* Requirement: From the line containing "M5.3 earthquake near" down to the line containing "Cozy Arctic Fleece" in the records below, reproduce every line exactly, ends included, and omit all others.

(Data excerpts)
+ + +

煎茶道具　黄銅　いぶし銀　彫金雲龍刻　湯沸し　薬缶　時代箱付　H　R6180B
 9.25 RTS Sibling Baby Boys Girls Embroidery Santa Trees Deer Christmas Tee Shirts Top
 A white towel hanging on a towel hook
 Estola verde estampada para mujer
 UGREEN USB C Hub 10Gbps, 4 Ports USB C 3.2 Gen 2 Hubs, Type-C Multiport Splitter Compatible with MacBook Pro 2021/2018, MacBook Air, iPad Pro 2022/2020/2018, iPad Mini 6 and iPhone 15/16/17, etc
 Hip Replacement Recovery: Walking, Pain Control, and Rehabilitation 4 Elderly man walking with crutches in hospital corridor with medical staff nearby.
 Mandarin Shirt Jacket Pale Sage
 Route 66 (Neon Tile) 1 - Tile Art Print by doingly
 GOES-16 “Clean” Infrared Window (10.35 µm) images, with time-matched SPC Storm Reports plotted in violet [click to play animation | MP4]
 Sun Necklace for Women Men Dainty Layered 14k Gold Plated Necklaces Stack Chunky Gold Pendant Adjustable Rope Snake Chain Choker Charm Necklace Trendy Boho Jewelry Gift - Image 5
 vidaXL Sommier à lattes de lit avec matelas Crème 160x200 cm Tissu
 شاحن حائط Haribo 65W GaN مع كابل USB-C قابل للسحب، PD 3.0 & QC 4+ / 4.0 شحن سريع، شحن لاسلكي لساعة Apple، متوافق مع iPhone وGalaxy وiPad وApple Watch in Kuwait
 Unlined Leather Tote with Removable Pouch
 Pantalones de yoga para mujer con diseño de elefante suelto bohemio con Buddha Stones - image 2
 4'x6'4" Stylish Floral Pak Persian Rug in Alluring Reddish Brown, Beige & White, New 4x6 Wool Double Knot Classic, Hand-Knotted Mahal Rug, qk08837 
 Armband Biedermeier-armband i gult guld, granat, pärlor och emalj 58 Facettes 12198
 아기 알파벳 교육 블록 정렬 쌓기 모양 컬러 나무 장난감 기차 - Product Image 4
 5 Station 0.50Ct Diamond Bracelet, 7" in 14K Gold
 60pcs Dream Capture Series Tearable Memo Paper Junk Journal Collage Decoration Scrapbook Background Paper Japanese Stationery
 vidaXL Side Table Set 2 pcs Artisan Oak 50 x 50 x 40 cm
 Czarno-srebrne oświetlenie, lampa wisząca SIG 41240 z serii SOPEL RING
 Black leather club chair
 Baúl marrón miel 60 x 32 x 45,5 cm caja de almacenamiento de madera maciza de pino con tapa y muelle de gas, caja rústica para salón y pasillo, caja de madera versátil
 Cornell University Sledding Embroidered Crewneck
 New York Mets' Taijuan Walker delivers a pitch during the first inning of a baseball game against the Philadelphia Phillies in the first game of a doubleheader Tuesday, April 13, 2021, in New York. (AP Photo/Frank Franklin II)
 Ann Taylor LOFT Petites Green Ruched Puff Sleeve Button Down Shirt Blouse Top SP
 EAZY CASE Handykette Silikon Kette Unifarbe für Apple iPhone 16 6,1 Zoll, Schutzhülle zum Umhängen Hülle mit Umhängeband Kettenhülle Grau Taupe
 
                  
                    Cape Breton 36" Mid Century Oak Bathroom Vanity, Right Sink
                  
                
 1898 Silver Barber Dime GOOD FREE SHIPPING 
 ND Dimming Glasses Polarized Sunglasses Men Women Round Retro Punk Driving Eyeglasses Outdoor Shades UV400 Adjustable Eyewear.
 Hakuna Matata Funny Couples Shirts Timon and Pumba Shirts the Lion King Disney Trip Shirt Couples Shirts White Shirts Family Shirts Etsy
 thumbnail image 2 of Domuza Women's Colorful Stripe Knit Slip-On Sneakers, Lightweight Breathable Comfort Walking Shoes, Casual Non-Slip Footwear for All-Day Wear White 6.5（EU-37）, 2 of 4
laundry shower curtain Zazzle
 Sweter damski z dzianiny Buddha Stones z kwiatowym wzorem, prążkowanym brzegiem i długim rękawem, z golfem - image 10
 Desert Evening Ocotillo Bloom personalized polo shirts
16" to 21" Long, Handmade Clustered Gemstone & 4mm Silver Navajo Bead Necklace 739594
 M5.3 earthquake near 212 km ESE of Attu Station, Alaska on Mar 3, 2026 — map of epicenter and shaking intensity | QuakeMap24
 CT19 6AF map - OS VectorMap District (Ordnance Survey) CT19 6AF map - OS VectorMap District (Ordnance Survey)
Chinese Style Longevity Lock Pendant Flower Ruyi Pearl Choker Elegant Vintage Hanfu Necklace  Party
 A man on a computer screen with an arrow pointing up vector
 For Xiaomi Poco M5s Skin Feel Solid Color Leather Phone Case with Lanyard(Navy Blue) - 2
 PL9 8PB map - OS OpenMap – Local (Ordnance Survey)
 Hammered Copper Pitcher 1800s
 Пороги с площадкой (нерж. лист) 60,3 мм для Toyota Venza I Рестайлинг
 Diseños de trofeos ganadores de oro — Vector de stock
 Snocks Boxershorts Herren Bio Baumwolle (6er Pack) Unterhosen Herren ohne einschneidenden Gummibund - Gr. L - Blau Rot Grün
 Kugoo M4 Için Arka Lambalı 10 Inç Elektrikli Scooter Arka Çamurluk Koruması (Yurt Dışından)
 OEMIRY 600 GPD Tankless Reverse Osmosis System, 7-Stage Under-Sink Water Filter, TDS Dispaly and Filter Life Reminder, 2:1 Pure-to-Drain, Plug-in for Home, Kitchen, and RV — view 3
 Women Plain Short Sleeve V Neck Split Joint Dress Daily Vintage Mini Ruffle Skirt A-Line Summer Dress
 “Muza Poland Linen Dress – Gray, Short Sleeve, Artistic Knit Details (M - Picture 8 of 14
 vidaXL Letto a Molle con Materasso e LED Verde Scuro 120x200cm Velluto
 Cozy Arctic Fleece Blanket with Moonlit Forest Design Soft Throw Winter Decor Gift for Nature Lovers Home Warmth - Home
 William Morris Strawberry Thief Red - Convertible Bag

+ + +

* Expected output:
 M5.3 earthquake near 212 km ESE of Attu Station, Alaska on Mar 3, 2026 — map of epicenter and shaking intensity | QuakeMap24
 CT19 6AF map - OS VectorMap District (Ordnance Survey) CT19 6AF map - OS VectorMap District (Ordnance Survey)
Chinese Style Longevity Lock Pendant Flower Ruyi Pearl Choker Elegant Vintage Hanfu Necklace  Party
 A man on a computer screen with an arrow pointing up vector
 For Xiaomi Poco M5s Skin Feel Solid Color Leather Phone Case with Lanyard(Navy Blue) - 2
 PL9 8PB map - OS OpenMap – Local (Ordnance Survey)
 Hammered Copper Pitcher 1800s
 Пороги с площадкой (нерж. лист) 60,3 мм для Toyota Venza I Рестайлинг
 Diseños de trofeos ganadores de oro — Vector de stock
 Snocks Boxershorts Herren Bio Baumwolle (6er Pack) Unterhosen Herren ohne einschneidenden Gummibund - Gr. L - Blau Rot Grün
 Kugoo M4 Için Arka Lambalı 10 Inç Elektrikli Scooter Arka Çamurluk Koruması (Yurt Dışından)
 OEMIRY 600 GPD Tankless Reverse Osmosis System, 7-Stage Under-Sink Water Filter, TDS Dispaly and Filter Life Reminder, 2:1 Pure-to-Drain, Plug-in for Home, Kitchen, and RV — view 3
 Women Plain Short Sleeve V Neck Split Joint Dress Daily Vintage Mini Ruffle Skirt A-Line Summer Dress
 “Muza Poland Linen Dress – Gray, Short Sleeve, Artistic Knit Details (M - Picture 8 of 14
 vidaXL Letto a Molle con Materasso e LED Verde Scuro 120x200cm Velluto
 Cozy Arctic Fleece Blanket with Moonlit Forest Design Soft Throw Winter Decor Gift for Nature Lovers Home Warmth - Home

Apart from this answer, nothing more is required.